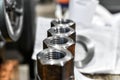 Several piled-up rusty nuts lie in the workshop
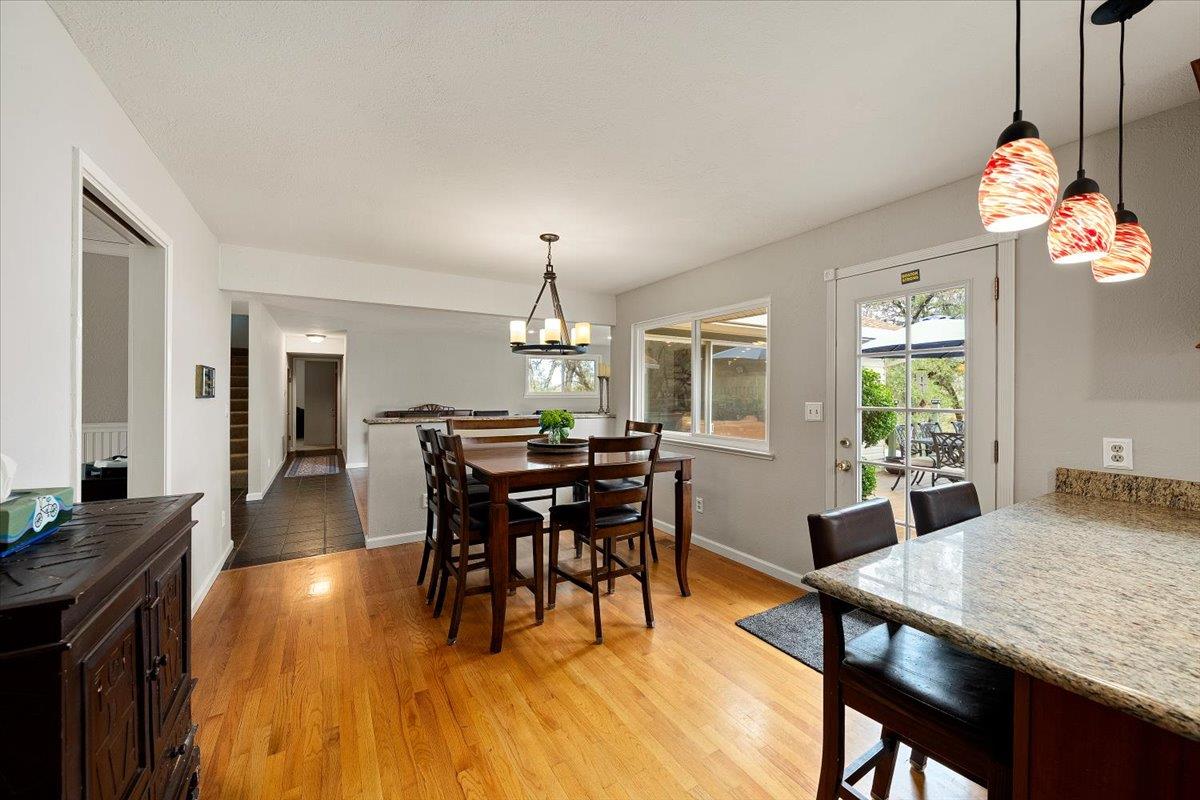 2540 Muir Court Cool, CA 95614 - Photo 28 of 97 a dining room with wooden floor a chandelier a wooden table and chairs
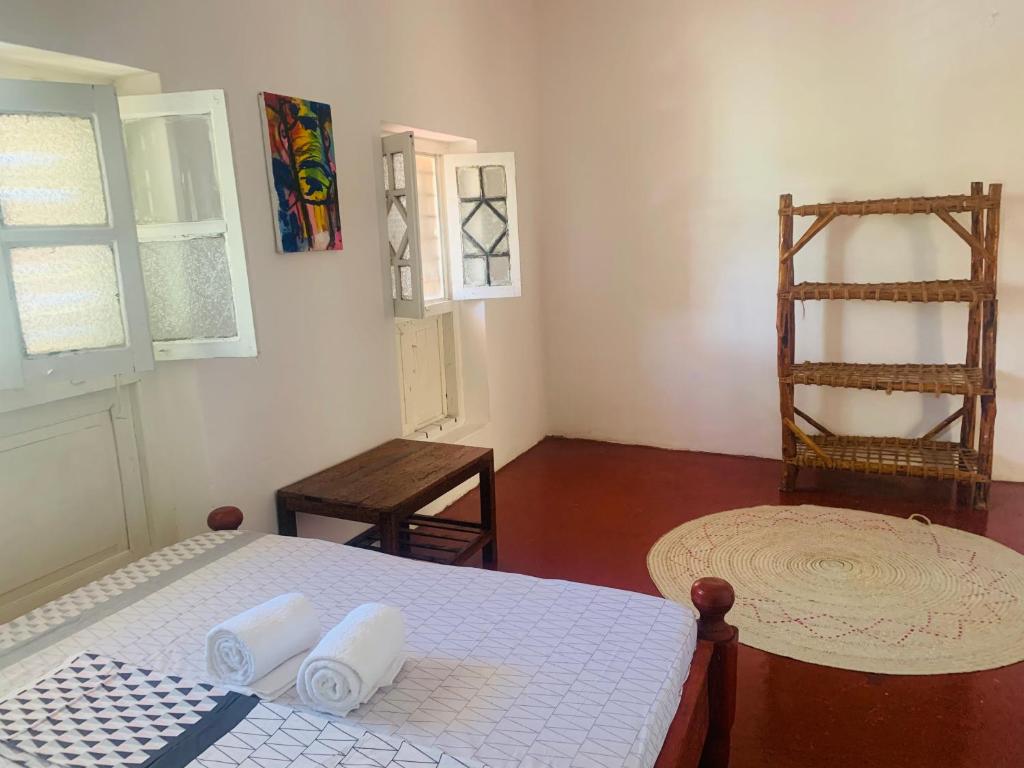 a bedroom with a bed and a table and a chair at Zava House Stone town in Zanzibar City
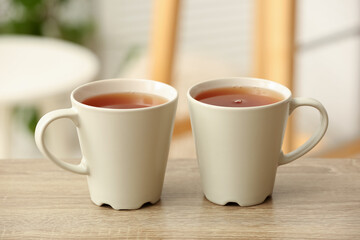 Cups of hot tea on wooden table on blurred background. Closeup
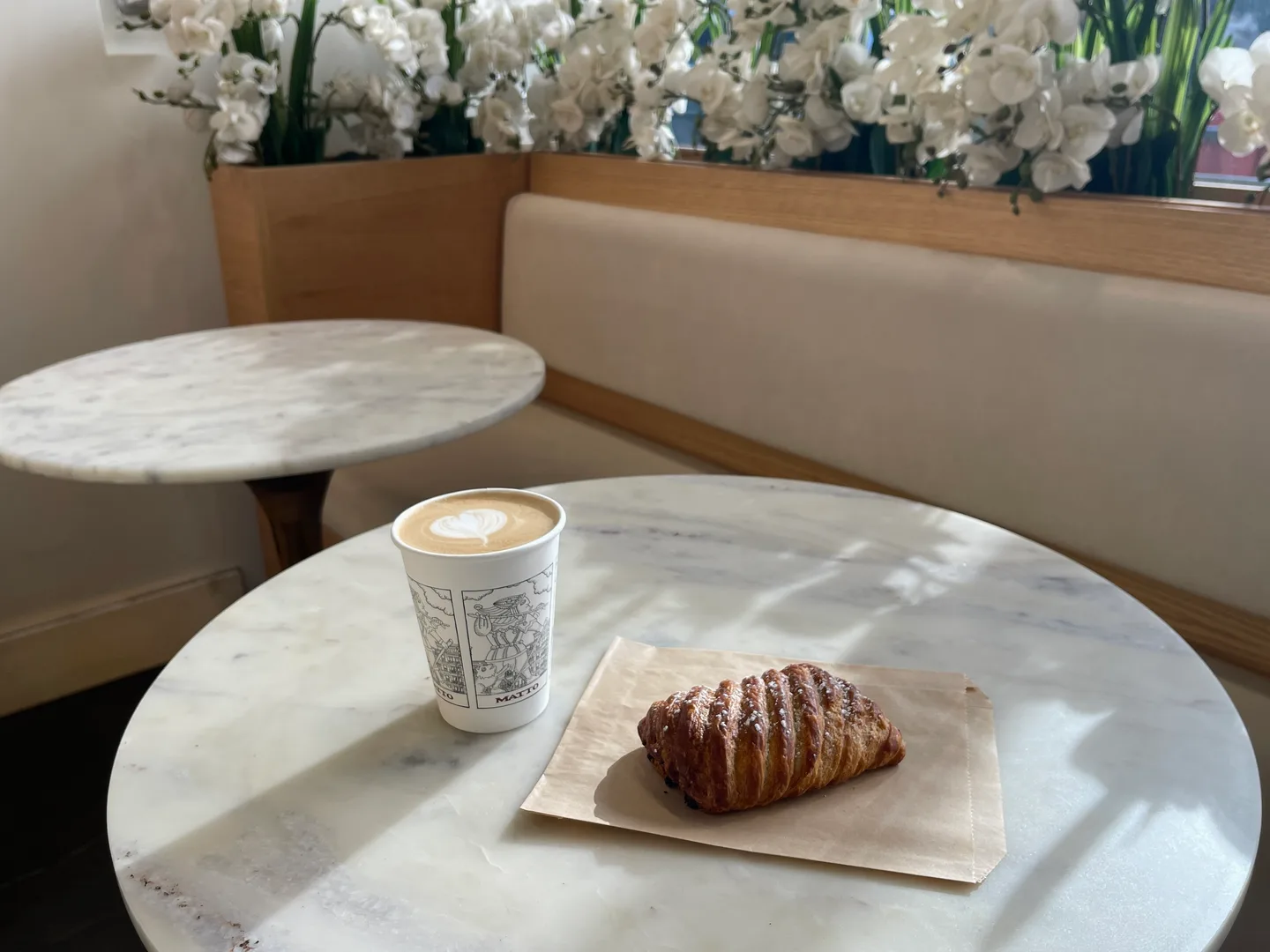 Coffee and a chocolate-drizzled pastry on a sunlit marble table beside café seating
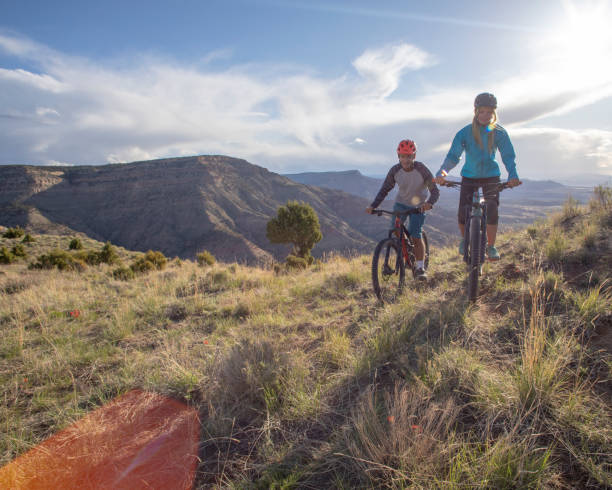 Mountain bikers follow trail along mountain ridge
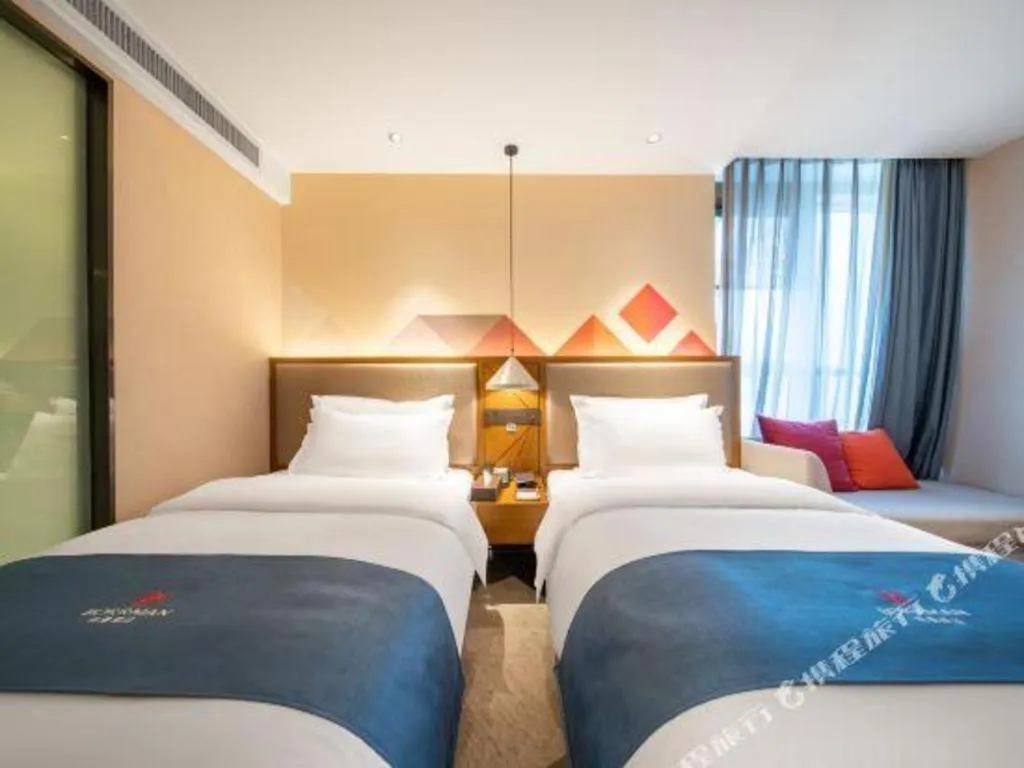 Bed in Borrman Hotel Ji'nan Aoti Center East Provincial Hospital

* * *

Exact reproduction is required. Output only the lines from the one with "Cups of hot" through the end of the listing above, both ends included, and no pictures.

 Cups of hot tea on wooden table on blurred background. Closeup
 Coffee and a chocolate-drizzled pastry on a sunlit marble table beside café seating
 Mountain bikers follow trail along mountain ridge
 Bed in Borrman Hotel Ji'nan Aoti Center East Provincial Hospital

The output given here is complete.